I'm looking at a mustang mare that is 13.2hh but stocky. She could easily carry me (130lbs), but I just wanted to see if 13.2 would look silly? I'm 5'4". Does anyone have any pictures of them on a >14hh horse/pony? Picture is her, but I'm not sure how tall the lady riding her is. Thanks!


----------



## smrobs (Jul 30, 2008)

No, she shouldn't be too small for you. Mustangs are pretty well known for having a good sized barrel that will take up a fair amount of leg and she seems like that type. I am only slightly bigger than you and have ridden horses that were smaller than her comfortably (unfortunately, I have no pictures). She looks like a very sweet mare.

If this will make you feel any better, this is my brother (6'1") on his little 14.1 hand QH. I don't think he looks silly. He's in blue on the brown horse.


----------



## DarkBucephalus (May 29, 2011)

I don't think it's too small at all to be honest.

I'm 5'3 and my horse was 13HH, I didn't look or feel too tall for her (atleast imo) She felt like a really good height for my size.


----------



## maura (Nov 21, 2009)

Depends on what you want to do with her. If she's mostly to be a pleasure and trail horse, I don't think you have any concerns. If you're planning on showing; you might want to get an unbiased opinion on the fit.


----------



## Hoofprints in the Sand (Nov 23, 2008)

Here's me on my 14.1h stocky qh/paint  I'm 5'1" 115lbs, for reference.

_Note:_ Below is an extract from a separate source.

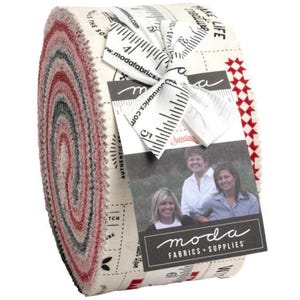 May include: A roll of fabric with a white background and red, black, and gray stripes. The fabric is wrapped around a cardboard tube. A white ribbon is tied around the fabric roll. A white tag with black text reads "moda fabrics + supplies".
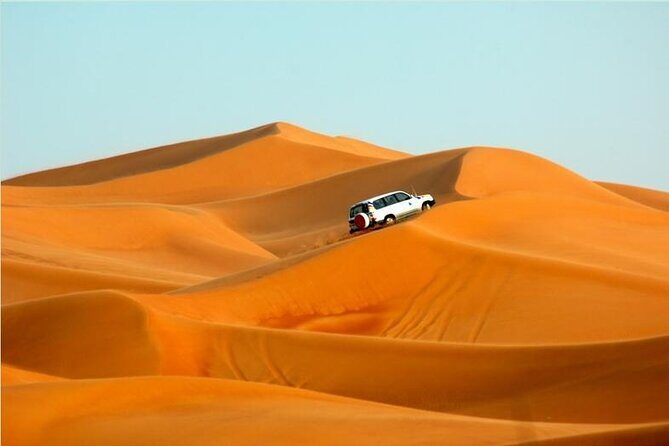 Premium Morning Dessert Safari With Sand Boarding & Dune Bashing - Sandboarding on the Red Dunes: the fun part, plus the reality check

http://photos-g.ak.fbcdn.net/hphoto...627323110691_626405690_19235555_6378966_n.jpg
_Posted via Mobile Device_


----------



## kitten_Val (Apr 25, 2007)

As long as she can carry your weight nothing wrong or funny about smaller horse (plus those chunky ones usually look bigger than they are). My qh is 14'3, I'm 5'8+. I don't think I look funny or my horse looks too small. :wink:


----------



## ItzKayley (Jun 8, 2011)

I highly doubt you would look silly on him. Horses can have 20% of their body weight on them at a time! 
I'm 5''1 and my horse is around 12.3hh. 
Here's a photo:


----------



## gigem88 (May 10, 2011)

Sounds like a good fit!


----------